Tan Tran: There's different states and different levels you have to manage within partnerships that you are accountable for, but ensure that there's visibility and transparency with what you're trying to achieve.
Use reporting tools to facilitate transparency
Tan Tran: That's also been really important because if there are reporting abilities to understand how you can achieve something, then within that, your partners begin to understand what the opportunity is at hand and how they can really contribute, use, and leverage their experiences to ensure that you're going to reach your goals.
That's a bit broad, but if you apply that towards a leadership alignment or an account mapping session. Being transparent with sharing information has been very key because if you don't have that ability, it's hard to be able to allow partners to understand how much they really need to share. And what do they need to focus on to ensure that you guys are providing each other with enough intel into the market.
"At the end of the day, we are experts in our fields and we need to be able to work together and share that intel so that we can go to market together."
I can't say how important that is to me and my journey with my partnerships in the past 10 years.
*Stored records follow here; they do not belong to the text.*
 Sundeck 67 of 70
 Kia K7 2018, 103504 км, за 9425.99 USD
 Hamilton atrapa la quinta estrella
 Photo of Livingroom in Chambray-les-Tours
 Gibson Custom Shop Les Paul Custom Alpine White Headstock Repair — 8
Transparency fosters trust in your relationship
Paul Bird: It establishes the relationship of trust. And that's the foundation of the partnership going forward. If you don't have that transparency, if you haven't established trust with your partners, then do they really have a good reason to trust you?
That approach of making sure that you've got clear set goals, that you have this level of transparency and trust going on, being able to strategically work together, like you say, to do account mapping and targeting like that, that is really great advice when it comes to building and establishing those relationships right from the get go.
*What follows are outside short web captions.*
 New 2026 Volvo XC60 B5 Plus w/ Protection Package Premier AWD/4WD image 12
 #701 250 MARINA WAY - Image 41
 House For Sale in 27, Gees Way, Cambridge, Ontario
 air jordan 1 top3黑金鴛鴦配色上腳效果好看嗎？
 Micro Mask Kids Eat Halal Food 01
Helping partners uncover new streams of revenue
Paul Bird: When you're going through and working with these partners, having your ongoing cadences and discussions, any strategies on what you can do as a vendor to help your partners uncover potential new streams of revenue?
Tan Tran: As a channel manager, you're really looking to build an ROI for them. Partners, at the end of the day, are businesses that are looking to invest in vendors like yourself.
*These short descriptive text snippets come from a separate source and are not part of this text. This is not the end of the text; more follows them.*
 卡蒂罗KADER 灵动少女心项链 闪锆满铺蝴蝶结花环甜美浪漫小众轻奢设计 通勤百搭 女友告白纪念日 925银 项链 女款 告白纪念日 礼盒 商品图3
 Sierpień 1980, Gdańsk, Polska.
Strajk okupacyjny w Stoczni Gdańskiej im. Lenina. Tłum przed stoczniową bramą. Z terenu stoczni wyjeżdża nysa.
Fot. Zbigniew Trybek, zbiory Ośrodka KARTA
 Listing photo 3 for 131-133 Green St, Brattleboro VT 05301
As an advisor, how can you continue to play that role and help them earn that trust, lead them to different ways of managing their business, earning different revenues, and investing in the areas that can help them diversify that revenue as well? Understanding, from a market perspective, where are you, as an organization, lacking a lot of resources or the ability to invest in that area?
A lot of times when you're a large organization, it's hard for you to move the needle, because you may be a very big ship and it's hard for you to turn on a dime.
Leverage channel partners’ expertise for diversification
Tan Tran: When you leverage partners who are experts in the field, that potentially have a venture ready, or a subject matter expert in the field, or they have vertical experience. Finding out what it is that they have already as IP, or intellectual property, and applying it towards where you are looking to invest, is a key way and really low hanging fruit for partners to be able to already establish what they have as IP and intellectual property, so that they can achieve revenue really, really quick.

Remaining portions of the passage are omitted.